↓

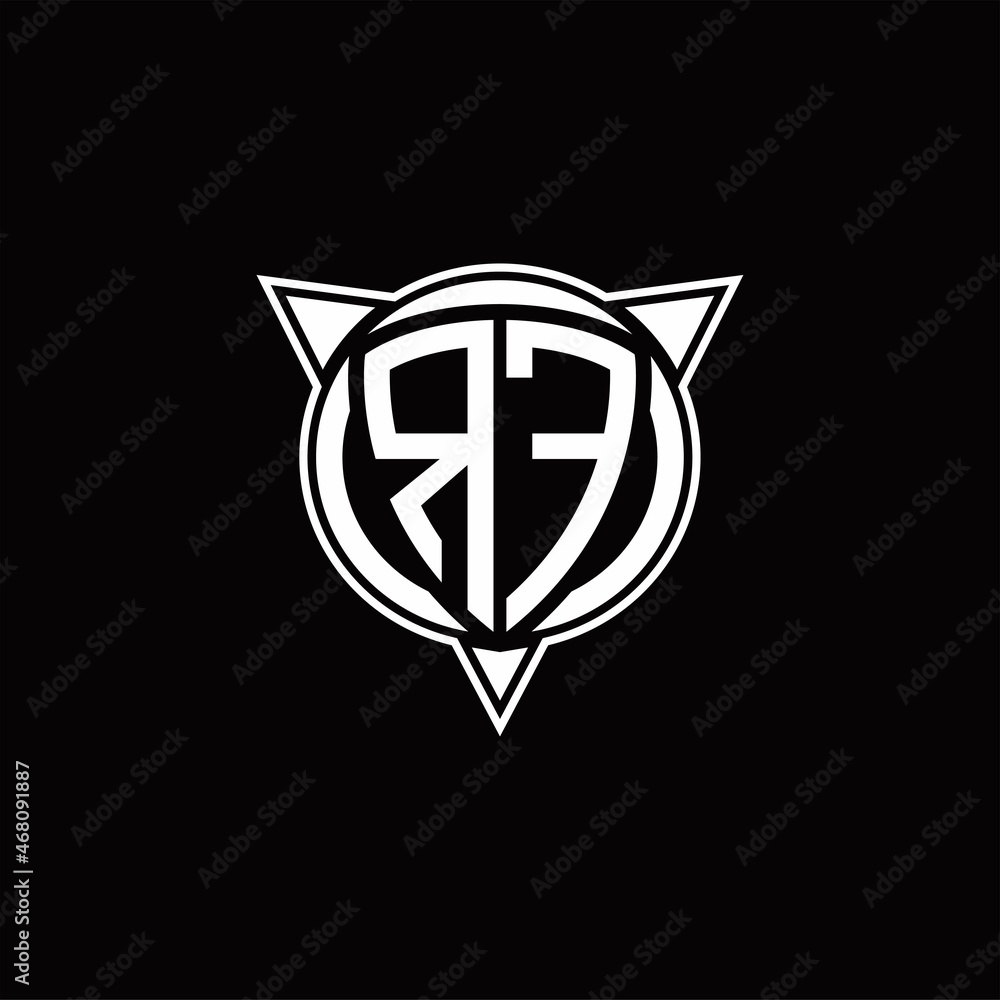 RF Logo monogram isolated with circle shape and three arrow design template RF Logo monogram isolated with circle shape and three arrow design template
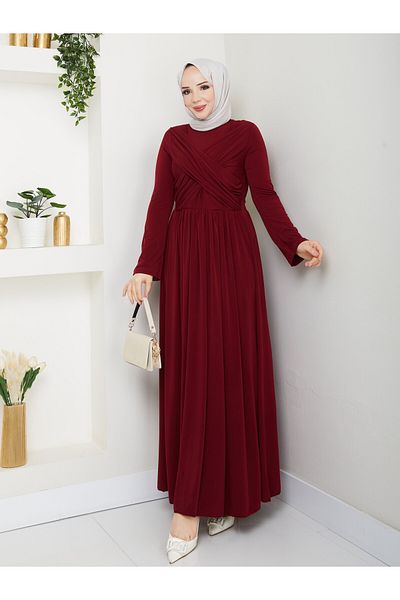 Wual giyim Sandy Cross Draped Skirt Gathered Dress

↑
↓

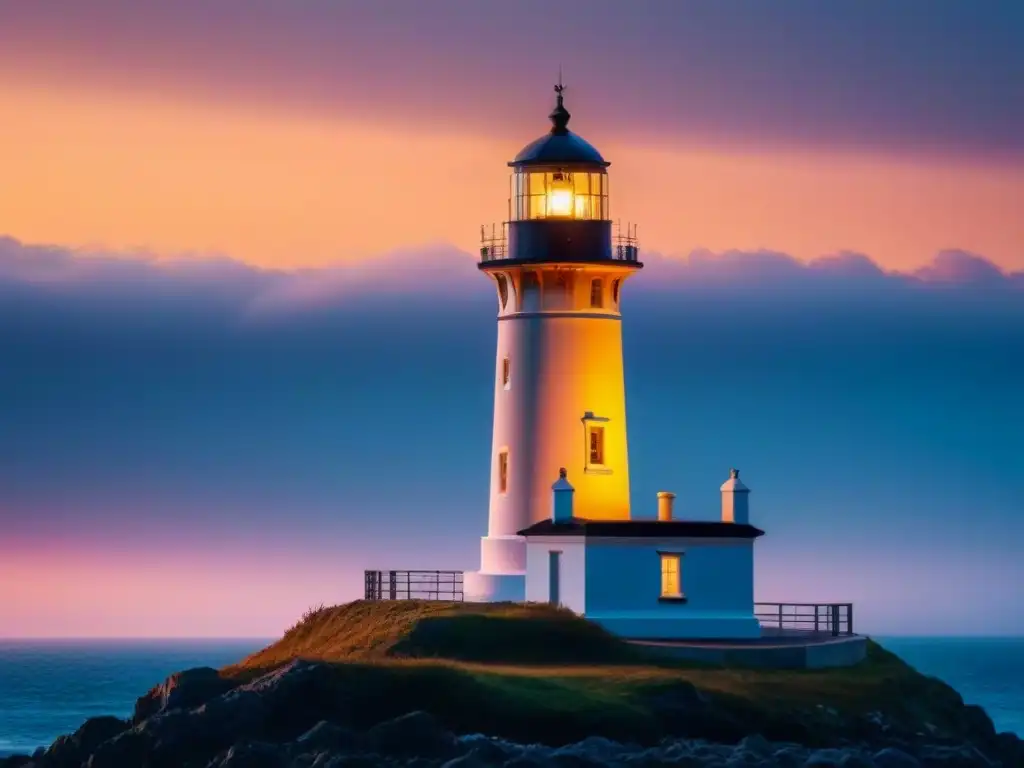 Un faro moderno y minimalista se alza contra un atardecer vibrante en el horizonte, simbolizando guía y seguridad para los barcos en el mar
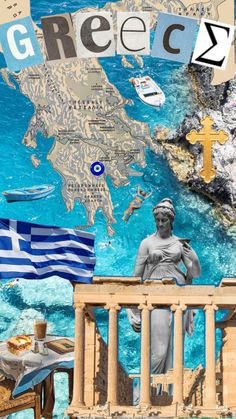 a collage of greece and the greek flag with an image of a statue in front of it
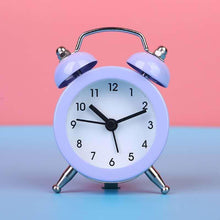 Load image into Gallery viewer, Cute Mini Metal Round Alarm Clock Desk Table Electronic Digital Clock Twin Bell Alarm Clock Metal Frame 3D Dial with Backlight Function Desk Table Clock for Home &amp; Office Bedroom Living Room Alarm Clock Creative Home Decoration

↑

Look above for the line with "Un faro moderno" and the line with "a collage of", then copy them and all lines in between exactly as written, and only those, without any pictures.

### FINAL ANSWER
 Un faro moderno y minimalista se alza contra un atardecer vibrante en el horizonte, simbolizando guía y seguridad para los barcos en el mar
 a collage of greece and the greek flag with an image of a statue in front of it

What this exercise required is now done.